La librería Ulises fue un momento glorioso en nuestras vidas y Félix Alvarado era su dueño o regente. Contaba con un encargado, un muchacho hondureño que Alvarado rescató de las caballerizas del hipódromo. Me distinguía mucho y decía que yo era el verdadero intelectual del grupo porque fui el único en saber que la lempira era una moneda de su país.

Cuando un cliente entró en la librería preguntando si tenía La República, el muchacho fue enfático y dijo: ¡Aquí no vendemos periódicos; mucho menos oficialistas!, confundiendo a Platón con el magnífico periódico de los adecos, dirigido por Luis Esteban Rey.

Allí quedó la urna hasta que la librería abrió a las 2:00 de la tarde. Perán Erminy, maravillado al ver un ataúd en aquella bella tarde asoleada con el Ávila en todo su esplendor, resolvió que debía estar dentro de la librería. Al irse Perán, el encargado de la librería volvió a sacarla porque no le parecía adecuado que una urna estuviese dentro de una librería, pero Juan Calzadilla decidió meterla nuevamente y me tocó a mí volver a hacerlo y así estuvo aquella urna entrando y saliendo de la librería Ulises durante varias horas hasta que el vigilante del estacionamiento sospechando algo turbio y oscuro llamó a la policía.

En el acto se hicieron presentes la manzopol, la sotopol, la Digepol o como se llamase la policía política en aquellos años sesenta tan difíciles y con guerrilleros encaramados en el techo de una ballena. El primero en caer detenido fue Alfredo Chacón por encontrarse dentro de la librería y por declararse estudiante universitario, es decir, reconocerse como enemigo público número uno de cualquier policía en el país, en cualquier tiempo y cualquiera que fuese su república.

Preso, ostensiblemente confinado dentro de la radiopatrulla estacionada frente a la librería y rodeado de curiosos, Alfredo ve llegar a Ludovico Silva y Ludovico, antes de entrar en la librería y considerando normal que Alfredo Chacón estuviese dentro de una radiopatrulla, se acerca a saludarlo y Alfredo sin mover los labios, comienza a hacerle desesperadas señas para que se aleje, pero al parecer Ludovico encontró la situación no solo normal sino particularmente divertida, porque, sonriente, terminó preguntando: Alfredo ¿qué haces en esa radiopatrulla?

Lo asombroso de esta historia es que Ludovico, el filósofo que ha hecho aportes al marxismo, encontró cotidianidad en una situación en modo alguno cotidiana, y el poeta Alfredo Chacón ya estaba anunciando, sin saberlo, el libro que va a escribir varias décadas más tarde titulado: Sin mover los labios.

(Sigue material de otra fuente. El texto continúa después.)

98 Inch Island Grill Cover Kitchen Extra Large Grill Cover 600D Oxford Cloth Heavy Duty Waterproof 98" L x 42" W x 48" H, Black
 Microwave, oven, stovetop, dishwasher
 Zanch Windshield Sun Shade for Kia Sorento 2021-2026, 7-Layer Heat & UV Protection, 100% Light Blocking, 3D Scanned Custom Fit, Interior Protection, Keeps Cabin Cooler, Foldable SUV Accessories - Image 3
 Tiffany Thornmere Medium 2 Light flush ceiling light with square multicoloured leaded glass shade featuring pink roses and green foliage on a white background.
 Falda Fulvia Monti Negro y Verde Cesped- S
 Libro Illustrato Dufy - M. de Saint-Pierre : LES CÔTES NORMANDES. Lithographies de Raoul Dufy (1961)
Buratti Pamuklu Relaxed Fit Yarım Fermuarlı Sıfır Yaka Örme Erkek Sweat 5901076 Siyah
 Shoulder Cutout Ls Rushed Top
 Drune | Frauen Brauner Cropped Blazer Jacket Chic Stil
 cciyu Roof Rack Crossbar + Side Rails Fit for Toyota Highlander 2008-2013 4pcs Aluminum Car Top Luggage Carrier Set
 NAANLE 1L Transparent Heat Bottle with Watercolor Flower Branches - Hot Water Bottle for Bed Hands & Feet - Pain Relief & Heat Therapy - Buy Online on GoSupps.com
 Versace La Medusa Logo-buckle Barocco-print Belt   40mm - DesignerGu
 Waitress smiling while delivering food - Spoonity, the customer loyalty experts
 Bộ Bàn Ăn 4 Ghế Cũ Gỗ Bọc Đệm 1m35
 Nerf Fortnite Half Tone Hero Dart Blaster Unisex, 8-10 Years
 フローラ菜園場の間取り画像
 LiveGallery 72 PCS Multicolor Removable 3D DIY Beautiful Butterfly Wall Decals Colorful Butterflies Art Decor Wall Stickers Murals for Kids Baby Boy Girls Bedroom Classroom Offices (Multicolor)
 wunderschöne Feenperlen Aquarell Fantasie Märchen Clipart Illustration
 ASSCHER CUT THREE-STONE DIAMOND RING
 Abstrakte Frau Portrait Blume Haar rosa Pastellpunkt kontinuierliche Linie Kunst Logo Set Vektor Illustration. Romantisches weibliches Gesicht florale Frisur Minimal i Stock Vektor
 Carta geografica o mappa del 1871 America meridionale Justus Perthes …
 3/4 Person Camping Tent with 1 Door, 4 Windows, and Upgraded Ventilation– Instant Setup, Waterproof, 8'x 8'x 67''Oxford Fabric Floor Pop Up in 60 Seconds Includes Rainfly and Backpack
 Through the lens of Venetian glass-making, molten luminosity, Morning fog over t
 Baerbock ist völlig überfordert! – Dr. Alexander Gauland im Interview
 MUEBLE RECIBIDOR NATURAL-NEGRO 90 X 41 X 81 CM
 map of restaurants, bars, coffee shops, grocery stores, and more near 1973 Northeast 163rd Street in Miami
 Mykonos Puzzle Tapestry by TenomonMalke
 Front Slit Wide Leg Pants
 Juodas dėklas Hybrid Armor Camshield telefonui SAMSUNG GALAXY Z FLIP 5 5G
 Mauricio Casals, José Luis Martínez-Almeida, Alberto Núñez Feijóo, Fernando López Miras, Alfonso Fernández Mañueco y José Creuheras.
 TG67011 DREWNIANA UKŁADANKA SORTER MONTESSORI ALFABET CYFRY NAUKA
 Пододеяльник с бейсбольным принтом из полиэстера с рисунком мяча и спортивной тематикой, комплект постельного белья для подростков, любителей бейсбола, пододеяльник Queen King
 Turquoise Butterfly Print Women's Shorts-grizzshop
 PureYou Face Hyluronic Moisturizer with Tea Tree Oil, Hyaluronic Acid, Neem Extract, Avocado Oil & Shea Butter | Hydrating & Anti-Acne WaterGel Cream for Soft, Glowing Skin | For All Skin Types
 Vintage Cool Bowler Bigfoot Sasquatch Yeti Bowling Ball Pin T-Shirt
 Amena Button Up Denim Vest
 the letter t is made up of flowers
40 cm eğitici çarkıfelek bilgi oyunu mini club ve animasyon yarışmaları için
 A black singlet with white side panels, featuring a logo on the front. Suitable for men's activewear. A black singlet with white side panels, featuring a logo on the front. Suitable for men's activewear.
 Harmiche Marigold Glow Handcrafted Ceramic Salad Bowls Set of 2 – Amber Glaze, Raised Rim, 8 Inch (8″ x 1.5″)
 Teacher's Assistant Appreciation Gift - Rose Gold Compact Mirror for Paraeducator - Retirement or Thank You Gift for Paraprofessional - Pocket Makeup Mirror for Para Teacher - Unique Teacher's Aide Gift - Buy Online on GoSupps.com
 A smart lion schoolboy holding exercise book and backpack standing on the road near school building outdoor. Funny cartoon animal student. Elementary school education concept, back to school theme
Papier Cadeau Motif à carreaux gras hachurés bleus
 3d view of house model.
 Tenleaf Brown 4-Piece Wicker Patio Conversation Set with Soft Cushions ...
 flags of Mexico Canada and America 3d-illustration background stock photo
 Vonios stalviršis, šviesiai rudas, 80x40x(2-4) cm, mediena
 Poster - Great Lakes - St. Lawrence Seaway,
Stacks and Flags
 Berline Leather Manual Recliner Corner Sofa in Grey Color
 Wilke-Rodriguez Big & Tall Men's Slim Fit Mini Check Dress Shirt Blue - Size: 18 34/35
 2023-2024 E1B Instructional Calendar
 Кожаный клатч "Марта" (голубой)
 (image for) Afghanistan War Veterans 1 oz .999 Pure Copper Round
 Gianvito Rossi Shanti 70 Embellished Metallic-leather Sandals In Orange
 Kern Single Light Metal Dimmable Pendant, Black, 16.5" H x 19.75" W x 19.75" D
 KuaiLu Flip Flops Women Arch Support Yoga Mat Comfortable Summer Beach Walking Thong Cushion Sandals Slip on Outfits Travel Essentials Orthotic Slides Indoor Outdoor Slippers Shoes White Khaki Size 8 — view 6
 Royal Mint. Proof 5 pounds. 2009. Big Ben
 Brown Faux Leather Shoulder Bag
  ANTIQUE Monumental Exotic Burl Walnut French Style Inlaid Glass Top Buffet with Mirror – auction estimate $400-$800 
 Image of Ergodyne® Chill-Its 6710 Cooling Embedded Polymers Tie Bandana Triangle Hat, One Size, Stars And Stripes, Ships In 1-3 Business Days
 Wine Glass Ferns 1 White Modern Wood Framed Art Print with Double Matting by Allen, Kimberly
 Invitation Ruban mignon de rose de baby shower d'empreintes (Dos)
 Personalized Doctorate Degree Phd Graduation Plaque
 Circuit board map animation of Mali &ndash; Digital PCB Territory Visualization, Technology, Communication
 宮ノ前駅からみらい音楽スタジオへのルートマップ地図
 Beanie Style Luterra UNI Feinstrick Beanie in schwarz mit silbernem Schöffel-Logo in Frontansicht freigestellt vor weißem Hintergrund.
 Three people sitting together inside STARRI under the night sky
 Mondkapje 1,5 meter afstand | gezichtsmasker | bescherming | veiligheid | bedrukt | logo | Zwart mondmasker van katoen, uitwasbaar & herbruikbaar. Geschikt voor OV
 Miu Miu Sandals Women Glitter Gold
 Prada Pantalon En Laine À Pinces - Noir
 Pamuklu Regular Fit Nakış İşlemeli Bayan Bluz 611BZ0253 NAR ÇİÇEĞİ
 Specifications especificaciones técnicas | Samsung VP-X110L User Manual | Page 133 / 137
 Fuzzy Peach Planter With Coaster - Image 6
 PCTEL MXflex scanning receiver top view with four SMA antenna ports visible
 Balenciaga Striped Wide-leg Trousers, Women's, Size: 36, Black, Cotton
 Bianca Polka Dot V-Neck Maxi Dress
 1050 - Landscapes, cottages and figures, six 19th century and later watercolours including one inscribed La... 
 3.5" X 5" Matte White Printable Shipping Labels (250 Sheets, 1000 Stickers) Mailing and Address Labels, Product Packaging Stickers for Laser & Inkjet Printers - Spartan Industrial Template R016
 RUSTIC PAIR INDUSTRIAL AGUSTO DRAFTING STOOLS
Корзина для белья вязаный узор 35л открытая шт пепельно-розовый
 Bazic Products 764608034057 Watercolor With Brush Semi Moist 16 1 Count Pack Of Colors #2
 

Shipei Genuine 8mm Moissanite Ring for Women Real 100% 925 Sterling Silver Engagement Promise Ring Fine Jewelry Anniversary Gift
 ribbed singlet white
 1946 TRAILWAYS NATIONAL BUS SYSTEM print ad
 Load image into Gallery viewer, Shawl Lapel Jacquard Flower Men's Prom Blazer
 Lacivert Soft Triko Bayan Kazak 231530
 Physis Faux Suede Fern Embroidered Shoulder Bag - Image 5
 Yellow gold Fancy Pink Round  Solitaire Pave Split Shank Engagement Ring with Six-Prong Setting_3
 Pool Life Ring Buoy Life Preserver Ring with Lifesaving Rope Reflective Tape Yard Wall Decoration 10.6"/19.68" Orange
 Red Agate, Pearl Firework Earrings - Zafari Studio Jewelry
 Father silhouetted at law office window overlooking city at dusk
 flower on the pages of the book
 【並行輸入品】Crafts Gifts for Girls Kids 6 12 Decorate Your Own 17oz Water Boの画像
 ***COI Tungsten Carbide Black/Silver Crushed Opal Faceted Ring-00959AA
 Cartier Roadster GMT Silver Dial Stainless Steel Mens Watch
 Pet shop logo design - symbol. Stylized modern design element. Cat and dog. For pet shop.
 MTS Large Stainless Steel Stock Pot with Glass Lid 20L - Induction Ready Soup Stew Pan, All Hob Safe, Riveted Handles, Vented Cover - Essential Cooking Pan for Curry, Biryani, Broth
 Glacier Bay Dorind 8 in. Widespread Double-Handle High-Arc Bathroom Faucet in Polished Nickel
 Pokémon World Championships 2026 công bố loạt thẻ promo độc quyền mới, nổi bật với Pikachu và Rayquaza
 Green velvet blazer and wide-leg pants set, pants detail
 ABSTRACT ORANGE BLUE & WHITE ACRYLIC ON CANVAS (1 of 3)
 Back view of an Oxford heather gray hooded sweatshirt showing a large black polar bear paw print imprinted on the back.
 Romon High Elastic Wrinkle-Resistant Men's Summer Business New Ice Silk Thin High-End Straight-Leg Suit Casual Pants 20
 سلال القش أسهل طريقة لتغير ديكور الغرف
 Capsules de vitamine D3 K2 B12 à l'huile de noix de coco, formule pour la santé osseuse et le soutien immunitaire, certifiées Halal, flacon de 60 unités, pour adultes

La boca está asociada al habla, a la palabra, al lenguaje, pero también a lo que devora. Los dientes muerden, desgarran. Pueden ser armas de ataque, pero también protegen, custodian, defienden al ser interior y cuando los labios se sellan los espacios del decir se cierran al mundo exterior y todo el universo del lenguaje, el ámbito poético y todas sus resonancias quedan en el interior, tal como se encontraba el poeta: ¡dentro de la radiopatrulla!

Que la poesía se conciba, se alimente y permanezca en el interior del poeta protegida por labios sellados, revela la gloria de lo maravilloso que puede llegar a ser accionar y defender todo acto poético.

Era lo que queríamos provocar y estimular cada vez que ofrecíamos albergue y protección, dentro de una librería, a un ataúd huérfano de muerte, pero donde dormía la fascinante oscuridad de su teatralidad, sin percatarnos de que el desconfiado encargado del estacionamiento había encendido su malsana vocación delatora.

Proteger el ataúd de un vulgar asedio o embargo judicial significó no solo salvar del naufragio a una presencia teatral, sino un acto de hermosa violencia poética que la policía de la democracia transformó en una rara y sospechosa actividad al confundir la poesía con la delincuencia.